Tecnologia com sotaque iguaçuense
O vereador Evandro Ferreira, que já vinha debatendo inovação urbana desde sua atuação em TI, assinou a indicação oficial para a implementação da linha elétrica no Corredor Turístico. A proposta prevê parcerias com Itaipu e com a iniciativa privada, assegurando sustentabilidade financeira e operacional. E os detalhes não são apenas retóricos: a aquisição envolve carrocerias modernas montadas sobre chassis revolucionários, veículos equipados com ar-condicionado, enfim, um investimento de R$ 2,85 milhões por unidade.
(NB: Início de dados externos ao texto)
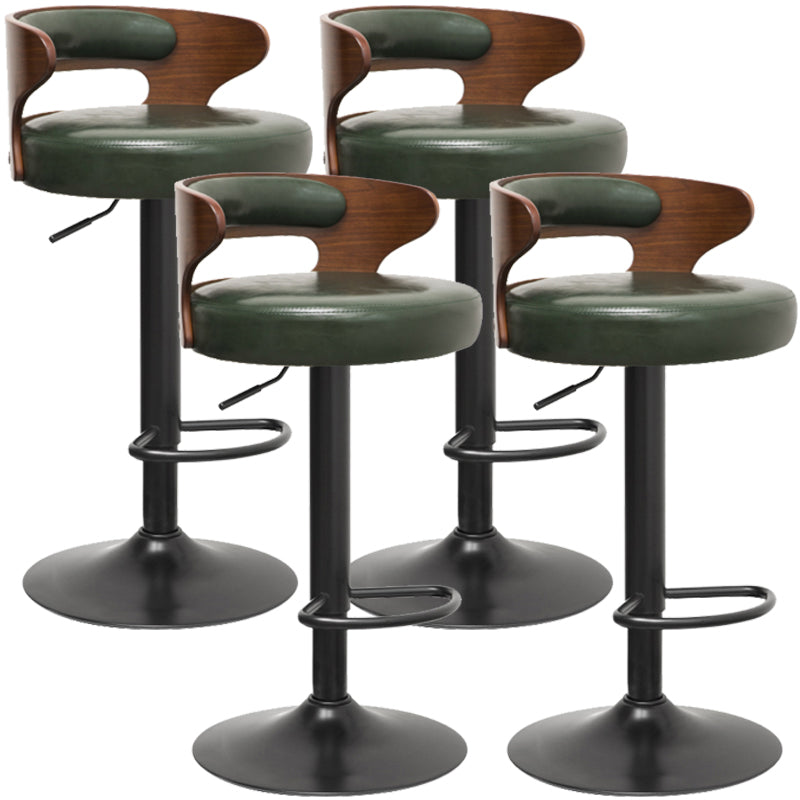 Industrial Style Bar Stool Round Leather Seat with Adjustable Height for Counter Bar Blackish Green 4 Piece Set Clearhalo 'Bar Furniture' 'Bar Stools' 'bar_stools' 'furn' 'furn_bar_stools' 'furniture_bar_stools' 'Kitchen & Dining Furniture' 'kitchen&dining_furn' 'kitchen' 'kitchen_furn' Furniture' 4570997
Foz como vitrine da transição energética
A aposta em ônibus elétricos não é mero gasto público, mas estratégia de posicionamento. Além de reduzir poluição e melhorar a experiência dos visitantes, o plano coloca Foz na rota das cidades que levam a sério a transição energética. É turismo sustentável na prática, reforçando a imagem da cidade como destino inovador. E mais: com vida útil projetada em dez anos, cada veículo será símbolo do compromisso com o meio ambiente e vitrine internacional de como é possível conciliar mobilidade, turismo e responsabilidade ambiental.
Ouvinte de carteirinha
Quase todos os dias sintonizo a gloriosa Rádio Cultura, no programa Contraponto, onde meu amigo Nelso Rodrigues martela pregos de cabeça dura da cidade. Ao lado de Natália Peres, Eli e companhia (com o apoio luxuoso de Dina Oro), o time dá um passeio completo por Foz. Ontem, além de falar dos buracos e da horta leguminosa urbana, o tema foi a falta de banheiros públicos. Nelso lembrou do “único banheiro à disposição no TTU”, mas esqueceu de outros dois, bem conhecidos: os muros da Feirinha da JK e a Praça do Mitre. Para completar, a bancada recebeu o empresário Deoclécio Duarte, que avisou: deve se refiliar ao PL. Ou seja, teremos mais capítulos políticos no rádio e fora dele. A participação do Deoclécio merecerá notas aqui, em breve.
Sociedade dos animais revoltada
Nelso também repete que certos personagens mereciam “uma surra de gato, até miar”. Coitado do bichano! Se fosse levar ao pé da letra, o tal gato já estaria pedindo habeas corpus no Fórum. Piá levado apanha de vara ou chinelo — e olhe lá (não quero bronca à base de Direitos Humanos). Mas, como o amigo diz, a força da expressão vale mais do que a literalidade. Fica aqui o abraço à turma do Contraponto e o desejo de uma ótima quarta-feira. Que seja sem chineladas, mas com boas risadas e, de preferência, com menos buracos no caminho.